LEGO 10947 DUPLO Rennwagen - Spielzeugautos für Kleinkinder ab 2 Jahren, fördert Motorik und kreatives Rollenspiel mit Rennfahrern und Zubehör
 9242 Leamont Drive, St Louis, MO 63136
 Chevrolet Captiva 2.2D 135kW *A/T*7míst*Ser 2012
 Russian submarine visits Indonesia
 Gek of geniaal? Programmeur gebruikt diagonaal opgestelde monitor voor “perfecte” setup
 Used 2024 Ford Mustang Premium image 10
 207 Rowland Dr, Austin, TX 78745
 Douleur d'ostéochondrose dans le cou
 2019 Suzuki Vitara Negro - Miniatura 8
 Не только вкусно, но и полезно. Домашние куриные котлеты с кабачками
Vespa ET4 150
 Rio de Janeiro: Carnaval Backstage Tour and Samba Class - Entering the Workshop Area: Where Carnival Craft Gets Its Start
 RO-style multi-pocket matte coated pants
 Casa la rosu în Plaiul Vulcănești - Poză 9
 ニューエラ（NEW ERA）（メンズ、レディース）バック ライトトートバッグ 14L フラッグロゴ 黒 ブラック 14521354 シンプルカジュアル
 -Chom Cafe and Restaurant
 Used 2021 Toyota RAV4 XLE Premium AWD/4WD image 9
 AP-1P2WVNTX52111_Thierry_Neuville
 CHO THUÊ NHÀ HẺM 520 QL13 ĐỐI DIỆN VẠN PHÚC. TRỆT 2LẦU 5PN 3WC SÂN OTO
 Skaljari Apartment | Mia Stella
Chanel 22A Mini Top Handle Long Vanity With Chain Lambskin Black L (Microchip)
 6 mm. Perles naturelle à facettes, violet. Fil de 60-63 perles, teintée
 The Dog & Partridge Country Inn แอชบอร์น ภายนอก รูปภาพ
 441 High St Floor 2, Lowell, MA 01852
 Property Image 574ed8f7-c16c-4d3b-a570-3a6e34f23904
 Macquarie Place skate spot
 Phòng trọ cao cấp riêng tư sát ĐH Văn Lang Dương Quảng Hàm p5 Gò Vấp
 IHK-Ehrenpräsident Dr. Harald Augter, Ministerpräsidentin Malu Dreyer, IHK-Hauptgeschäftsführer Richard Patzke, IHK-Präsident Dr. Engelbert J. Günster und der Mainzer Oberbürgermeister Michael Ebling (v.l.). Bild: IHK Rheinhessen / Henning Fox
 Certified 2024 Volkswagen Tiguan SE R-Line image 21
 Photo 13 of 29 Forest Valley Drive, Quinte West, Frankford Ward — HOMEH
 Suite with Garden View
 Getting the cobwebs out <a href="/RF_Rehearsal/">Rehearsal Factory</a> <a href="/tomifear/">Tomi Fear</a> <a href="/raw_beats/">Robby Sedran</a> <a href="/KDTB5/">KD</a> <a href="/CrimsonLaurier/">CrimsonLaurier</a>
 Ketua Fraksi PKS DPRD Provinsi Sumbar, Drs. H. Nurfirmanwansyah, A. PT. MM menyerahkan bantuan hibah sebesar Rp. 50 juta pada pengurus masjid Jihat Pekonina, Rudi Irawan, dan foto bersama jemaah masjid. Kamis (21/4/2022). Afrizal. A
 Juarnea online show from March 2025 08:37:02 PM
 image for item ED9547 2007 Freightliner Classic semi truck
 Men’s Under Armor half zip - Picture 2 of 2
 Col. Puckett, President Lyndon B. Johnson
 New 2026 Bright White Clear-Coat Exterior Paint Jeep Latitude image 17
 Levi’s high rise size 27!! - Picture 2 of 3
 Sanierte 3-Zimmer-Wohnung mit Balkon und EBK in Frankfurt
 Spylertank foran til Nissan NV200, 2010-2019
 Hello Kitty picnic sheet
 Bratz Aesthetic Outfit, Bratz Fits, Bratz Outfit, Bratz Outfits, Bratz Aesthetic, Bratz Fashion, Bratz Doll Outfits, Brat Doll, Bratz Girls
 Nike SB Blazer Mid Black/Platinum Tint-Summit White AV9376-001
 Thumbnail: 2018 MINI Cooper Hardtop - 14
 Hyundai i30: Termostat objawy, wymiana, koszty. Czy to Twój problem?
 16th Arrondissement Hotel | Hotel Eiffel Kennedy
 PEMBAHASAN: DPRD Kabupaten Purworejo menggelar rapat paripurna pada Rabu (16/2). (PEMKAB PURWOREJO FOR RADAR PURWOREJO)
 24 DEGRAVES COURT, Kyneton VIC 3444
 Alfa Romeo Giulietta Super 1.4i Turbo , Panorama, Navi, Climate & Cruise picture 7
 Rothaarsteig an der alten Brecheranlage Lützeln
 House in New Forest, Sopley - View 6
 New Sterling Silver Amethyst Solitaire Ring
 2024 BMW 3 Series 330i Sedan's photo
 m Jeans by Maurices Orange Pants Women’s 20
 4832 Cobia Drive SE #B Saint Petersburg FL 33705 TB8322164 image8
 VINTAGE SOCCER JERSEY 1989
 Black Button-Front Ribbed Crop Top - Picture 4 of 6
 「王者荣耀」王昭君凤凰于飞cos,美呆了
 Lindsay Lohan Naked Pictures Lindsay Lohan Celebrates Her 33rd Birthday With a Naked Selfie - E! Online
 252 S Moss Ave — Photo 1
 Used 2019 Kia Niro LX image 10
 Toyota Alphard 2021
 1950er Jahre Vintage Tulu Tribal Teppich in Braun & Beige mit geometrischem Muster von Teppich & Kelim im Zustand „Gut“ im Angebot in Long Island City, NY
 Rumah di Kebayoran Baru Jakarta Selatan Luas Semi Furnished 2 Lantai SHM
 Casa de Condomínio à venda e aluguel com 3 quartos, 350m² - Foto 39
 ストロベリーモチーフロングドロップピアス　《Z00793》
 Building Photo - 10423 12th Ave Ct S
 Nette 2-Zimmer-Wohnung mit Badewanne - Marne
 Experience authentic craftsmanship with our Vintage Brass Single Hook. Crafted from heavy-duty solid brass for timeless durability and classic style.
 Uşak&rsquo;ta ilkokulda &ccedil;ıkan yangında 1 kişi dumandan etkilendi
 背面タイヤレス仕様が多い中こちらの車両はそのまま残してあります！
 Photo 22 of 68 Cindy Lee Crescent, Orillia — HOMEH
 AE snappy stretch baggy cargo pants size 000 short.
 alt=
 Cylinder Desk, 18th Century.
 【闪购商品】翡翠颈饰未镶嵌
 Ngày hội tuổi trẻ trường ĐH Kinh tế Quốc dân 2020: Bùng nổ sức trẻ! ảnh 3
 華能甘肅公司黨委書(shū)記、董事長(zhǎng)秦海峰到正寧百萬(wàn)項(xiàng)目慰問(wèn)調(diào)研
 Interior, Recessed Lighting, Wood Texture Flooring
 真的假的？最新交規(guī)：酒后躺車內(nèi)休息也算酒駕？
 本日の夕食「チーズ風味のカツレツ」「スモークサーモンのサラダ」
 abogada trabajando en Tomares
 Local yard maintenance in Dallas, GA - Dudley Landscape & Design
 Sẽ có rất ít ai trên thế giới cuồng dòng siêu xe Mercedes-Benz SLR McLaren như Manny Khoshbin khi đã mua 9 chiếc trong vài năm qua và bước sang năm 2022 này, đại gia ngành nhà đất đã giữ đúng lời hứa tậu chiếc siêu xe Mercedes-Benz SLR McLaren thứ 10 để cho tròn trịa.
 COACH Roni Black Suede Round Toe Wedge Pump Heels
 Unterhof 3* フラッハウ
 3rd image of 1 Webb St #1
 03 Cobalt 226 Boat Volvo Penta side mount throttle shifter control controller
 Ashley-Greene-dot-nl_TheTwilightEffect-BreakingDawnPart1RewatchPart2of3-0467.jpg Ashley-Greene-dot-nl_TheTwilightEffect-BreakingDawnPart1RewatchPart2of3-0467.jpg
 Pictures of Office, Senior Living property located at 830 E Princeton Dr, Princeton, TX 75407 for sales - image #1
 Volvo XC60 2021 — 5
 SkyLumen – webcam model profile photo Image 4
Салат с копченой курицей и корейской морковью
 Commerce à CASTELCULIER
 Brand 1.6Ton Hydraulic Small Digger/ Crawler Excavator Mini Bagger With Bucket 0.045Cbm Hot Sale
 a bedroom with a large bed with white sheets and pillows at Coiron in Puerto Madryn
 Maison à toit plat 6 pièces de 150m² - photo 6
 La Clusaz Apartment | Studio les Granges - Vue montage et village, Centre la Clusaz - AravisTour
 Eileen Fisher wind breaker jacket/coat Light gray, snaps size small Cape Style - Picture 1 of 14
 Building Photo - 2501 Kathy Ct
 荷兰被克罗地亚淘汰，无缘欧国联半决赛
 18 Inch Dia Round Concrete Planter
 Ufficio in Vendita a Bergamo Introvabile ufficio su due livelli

********************

**Exercise details**
Within the material above, transcribe exactly the lines that run from the line holding "背面タイヤレス仕様が多い中こちらの車両はそのまま残してあります！" through the line holding "Local yard maintenance".

**Solution to this problem**
 背面タイヤレス仕様が多い中こちらの車両はそのまま残してあります！
 Photo 22 of 68 Cindy Lee Crescent, Orillia — HOMEH
 AE snappy stretch baggy cargo pants size 000 short.
 alt=
 Cylinder Desk, 18th Century.
 【闪购商品】翡翠颈饰未镶嵌
 Ngày hội tuổi trẻ trường ĐH Kinh tế Quốc dân 2020: Bùng nổ sức trẻ! ảnh 3
 華能甘肅公司黨委書(shū)記、董事長(zhǎng)秦海峰到正寧百萬(wàn)項(xiàng)目慰問(wèn)調(diào)研
 Interior, Recessed Lighting, Wood Texture Flooring
 真的假的？最新交規(guī)：酒后躺車內(nèi)休息也算酒駕？
 本日の夕食「チーズ風味のカツレツ」「スモークサーモンのサラダ」
 abogada trabajando en Tomares
 Local yard maintenance in Dallas, GA - Dudley Landscape & Design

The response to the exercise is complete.